I can’t believe that on a glorious blue sky winter day, none of my photos included the sky. But trust me, it was wonderful that a sun-filled Thursday returned. The day was sensational, so much so that our team of volunteers and Coordinator basked comfortably in the sun, when eating lunch in the Food Garden at the Royal Tasmanian Botanical Gardens (RTBG).
It was a simple day of weeding and planting, and eight of us laboured on these tasks – it almost sounds like a spiritual uplifting when I say we did it with joy in our hearts. The clear clean air, the general garden atmosphere and the easy team work which we undertook, created an experience that was profoundly rewarding. As usual.
M and I commenced our morning clearing the weeds around a self-sown parsley patch. An excitement occurred when a streaked brown object leapt from beneath the canopy into full view. It seems so long since I have seen a frog so this was a delight; camouflaged not with the parsley greens rather with the rotting foliage covering exposed soil.
I have tried to identify the frog from photos and guess it may be a Brown Tree Frog (Litoria ewingi) – taking my lead from a Tasmanian government website. What do you think? ‘Our’ frog was mostly shades of grey rather than brown and was located beneath a very large spreading cedar tree where perhaps it lives moving up and down the greyish bark on the trunk.

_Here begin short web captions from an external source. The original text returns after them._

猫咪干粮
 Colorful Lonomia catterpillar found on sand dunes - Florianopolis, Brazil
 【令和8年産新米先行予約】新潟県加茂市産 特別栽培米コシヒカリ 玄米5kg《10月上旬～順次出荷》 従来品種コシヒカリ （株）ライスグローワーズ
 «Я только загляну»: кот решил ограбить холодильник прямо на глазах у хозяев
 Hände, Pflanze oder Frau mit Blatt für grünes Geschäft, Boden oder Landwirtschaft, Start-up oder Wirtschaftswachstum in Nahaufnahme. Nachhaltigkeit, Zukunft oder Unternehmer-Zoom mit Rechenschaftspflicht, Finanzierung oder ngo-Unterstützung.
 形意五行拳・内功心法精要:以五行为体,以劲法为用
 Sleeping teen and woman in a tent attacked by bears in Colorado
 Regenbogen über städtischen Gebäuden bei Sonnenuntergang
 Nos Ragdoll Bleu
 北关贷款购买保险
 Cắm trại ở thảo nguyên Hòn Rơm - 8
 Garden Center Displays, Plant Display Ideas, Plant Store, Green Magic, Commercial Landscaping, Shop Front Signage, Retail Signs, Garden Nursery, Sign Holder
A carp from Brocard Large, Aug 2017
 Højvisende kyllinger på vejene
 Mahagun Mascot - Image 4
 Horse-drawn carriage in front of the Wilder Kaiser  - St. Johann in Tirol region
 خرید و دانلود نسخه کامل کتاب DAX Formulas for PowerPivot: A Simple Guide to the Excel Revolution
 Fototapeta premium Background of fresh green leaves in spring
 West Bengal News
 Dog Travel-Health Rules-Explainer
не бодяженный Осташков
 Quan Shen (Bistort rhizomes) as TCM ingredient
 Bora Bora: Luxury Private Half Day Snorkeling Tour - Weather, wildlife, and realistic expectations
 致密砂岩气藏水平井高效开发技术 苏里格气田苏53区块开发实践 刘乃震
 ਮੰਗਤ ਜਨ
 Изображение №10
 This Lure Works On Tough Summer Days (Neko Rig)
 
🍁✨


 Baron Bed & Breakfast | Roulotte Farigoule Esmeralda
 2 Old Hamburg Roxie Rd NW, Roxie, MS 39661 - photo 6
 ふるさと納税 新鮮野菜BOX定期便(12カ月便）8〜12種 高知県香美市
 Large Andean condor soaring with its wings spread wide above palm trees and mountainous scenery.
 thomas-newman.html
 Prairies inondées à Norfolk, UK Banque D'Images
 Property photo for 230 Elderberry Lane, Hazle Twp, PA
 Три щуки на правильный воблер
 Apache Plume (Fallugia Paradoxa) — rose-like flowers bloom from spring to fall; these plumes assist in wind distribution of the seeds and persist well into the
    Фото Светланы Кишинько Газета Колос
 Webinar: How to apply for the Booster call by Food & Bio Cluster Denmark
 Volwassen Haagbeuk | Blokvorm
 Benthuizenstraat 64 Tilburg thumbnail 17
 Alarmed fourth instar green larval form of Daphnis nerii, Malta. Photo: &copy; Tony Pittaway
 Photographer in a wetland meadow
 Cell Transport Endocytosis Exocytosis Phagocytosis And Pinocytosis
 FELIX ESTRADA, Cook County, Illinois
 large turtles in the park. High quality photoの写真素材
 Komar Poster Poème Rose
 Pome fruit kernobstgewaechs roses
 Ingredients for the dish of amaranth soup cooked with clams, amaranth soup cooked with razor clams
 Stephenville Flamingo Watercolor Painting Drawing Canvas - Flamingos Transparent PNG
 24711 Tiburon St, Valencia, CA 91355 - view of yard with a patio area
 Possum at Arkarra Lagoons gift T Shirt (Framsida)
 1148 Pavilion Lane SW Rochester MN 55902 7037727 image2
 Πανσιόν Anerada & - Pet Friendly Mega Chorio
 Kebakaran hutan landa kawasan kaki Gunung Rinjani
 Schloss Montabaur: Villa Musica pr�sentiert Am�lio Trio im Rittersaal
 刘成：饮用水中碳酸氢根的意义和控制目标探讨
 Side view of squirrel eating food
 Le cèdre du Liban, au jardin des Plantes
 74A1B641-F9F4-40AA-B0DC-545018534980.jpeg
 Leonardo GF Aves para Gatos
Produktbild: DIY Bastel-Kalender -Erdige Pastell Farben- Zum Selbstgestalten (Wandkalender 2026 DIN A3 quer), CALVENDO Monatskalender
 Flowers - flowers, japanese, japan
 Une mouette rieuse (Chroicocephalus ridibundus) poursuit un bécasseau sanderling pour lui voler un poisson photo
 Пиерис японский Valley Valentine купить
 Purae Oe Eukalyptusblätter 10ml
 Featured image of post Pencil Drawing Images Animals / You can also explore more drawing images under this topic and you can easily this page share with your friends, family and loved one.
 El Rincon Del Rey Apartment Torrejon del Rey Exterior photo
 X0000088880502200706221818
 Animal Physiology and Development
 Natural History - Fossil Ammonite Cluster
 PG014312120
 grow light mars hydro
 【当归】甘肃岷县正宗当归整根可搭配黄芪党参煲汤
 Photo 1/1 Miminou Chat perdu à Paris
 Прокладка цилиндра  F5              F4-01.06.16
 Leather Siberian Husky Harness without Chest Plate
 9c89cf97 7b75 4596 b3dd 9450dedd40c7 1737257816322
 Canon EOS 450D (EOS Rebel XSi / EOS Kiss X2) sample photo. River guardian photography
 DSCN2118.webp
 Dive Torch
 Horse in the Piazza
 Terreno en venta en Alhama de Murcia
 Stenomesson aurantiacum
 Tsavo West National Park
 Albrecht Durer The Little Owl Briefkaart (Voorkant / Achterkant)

N was successful in planting Kale topped Swedes from seed produced by Peter Cundall, the original Food Garden guru.
P weeded the brassicas, and J did a sterling job removing tiny weeds from around the tiny fronds of baby carrot tops.
L and M went deep into the artichoke plants and removed dead stalks and hunted for hidden weeds.
Cauliflowers seedlings were planted out.
R planted mustard plants before settling them in with a good soaking.
Meanwhile Coordinator Adam strewed fine gravel over old paths and swept and raked and generally made the walking areas exceptionally smart.
I enjoyed wandering around the garden beds to see the changes. It was inspiring to see the garlic bulbs had sprouted and green growth was pushing up high into the air. The future crop looks very promising.
If you have the good fortune to visit the Food Garden, please remember the produce is not for your consumption. Rather it will be collected for Second Bite, a charity which distributes food to disadvantaged families. If you have friends or relatives who plan to visit, please tell them this fact so they do not believe that the produce can be picked and eaten by them – then hungry people miss out. I am sure they will understand once they know this approach is different from other community gardens found elsewhere in Tasmania.